Le truc chouette avec les tubes de l’été, c’est que ça fait voyager: le Brésil de la Lambada, l’Espagne de la Macarena, le Cuba de Mambo N°5… et la Moldavie de O-Zone. Oui, la Moldavie, ce pays méconnu et frontalier de la Roumanie, auquel Hergé fait un clin d’œil avec sa Syldavie fictive dans «Le Sceptre d’Ottokar» notamment.
Car avouons-le, qui connaissait réellement la Moldavie avant l’avènement de ce hit interplanétaire? Pas grand monde, à part évidemment les Moldaves eux-mêmes, leurs voisins roumains, et Poutine, qui devait déjà lorgner dessus. Votre humble chroniqueur y est allé aussi, et s’est notamment égaré dans l’une des plus grandes caves à vin du monde, Cricova, 1,3 million de bouteilles, dans un labyrinthe souterrain époustouflant. Ça vaut le détour.

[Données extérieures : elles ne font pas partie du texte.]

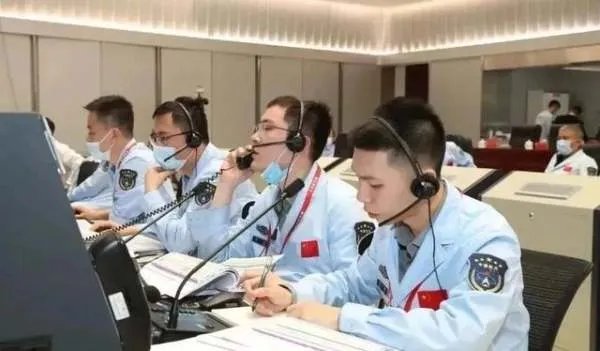 “北京明白”目前9位都是90后，这个团队的工作人员各个都负责什么？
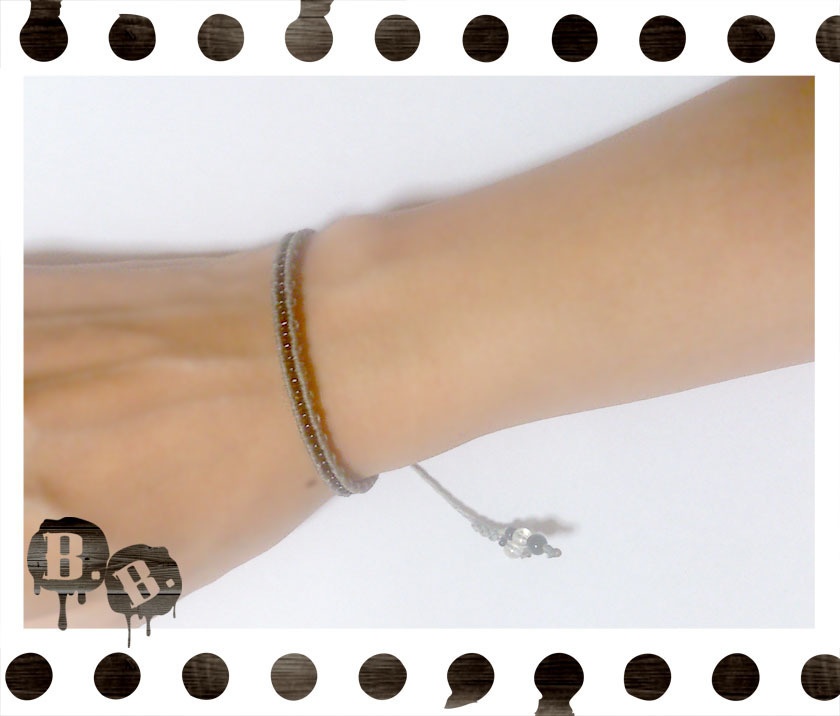 ラインブレスレット【ヘマタイトシルバー・オニキス】【シルバーグレーコード】【ハンドメイドアクセサリー】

La riante Moldavie est aussi le pays des vampires, et du plus célèbre de tous, Vladislav III, couramment appelé Vlad «Dracul» (le fils du dragon), Prince de Valachie au XVe siècle, qui englobait alors la Moldavie et la Transylvanie pour former l’embryon de ce qu’on appelle aujourd’hui la Roumanie. À peu de choses près, on est dans «Game of Thrones».
À la conquête du monde
À l’instar de leur illustre ancêtre aux dents longues, le boys band O-Zone partira lui aussi à la conquête du monde au printemps 2004. Du Portugal jusqu’à la Norvège, «Dragostea Din Tei» a inondé les divers classements continentaux. Pourtant, au début, le titre marche seulement en Roumanie.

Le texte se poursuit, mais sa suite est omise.